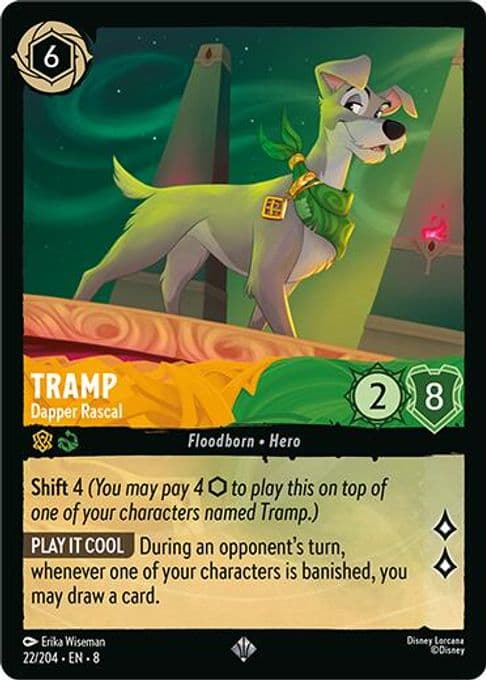 Tramp - Dapper Rascal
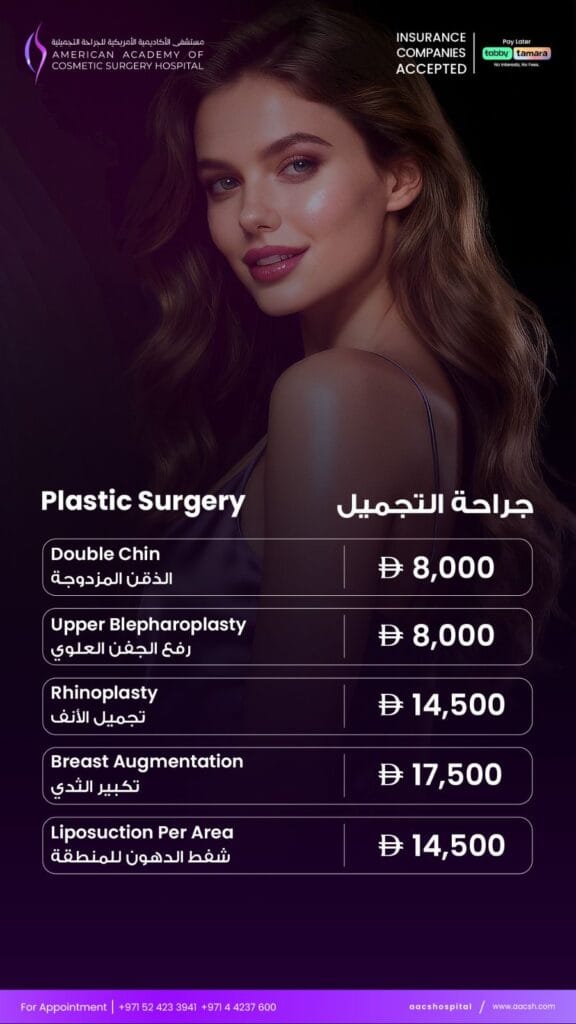 American Academy of Cosmetic Surgery Hospital | Monthly Offers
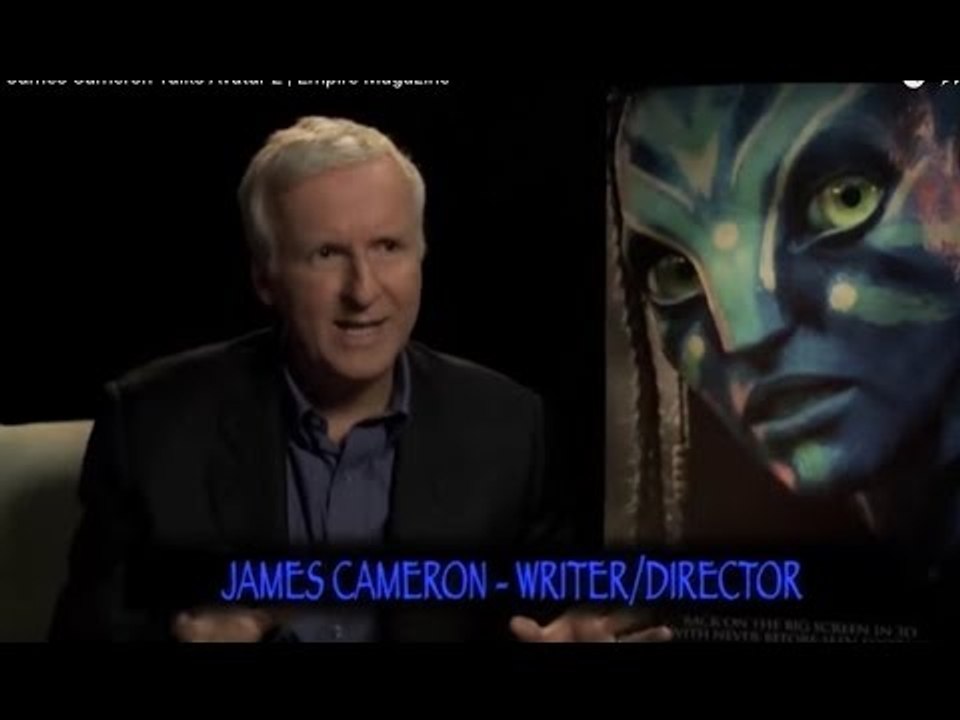 James Cameron Talks Avatar 2 | Empire Magazine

PROBLEM TO SOLVE:
Only the pictures are to be left out; restate everything else in the listing word for word.

COMPLETED EXERCISE:
 Tramp - Dapper Rascal
 American Academy of Cosmetic Surgery Hospital | Monthly Offers
 James Cameron Talks Avatar 2 | Empire Magazine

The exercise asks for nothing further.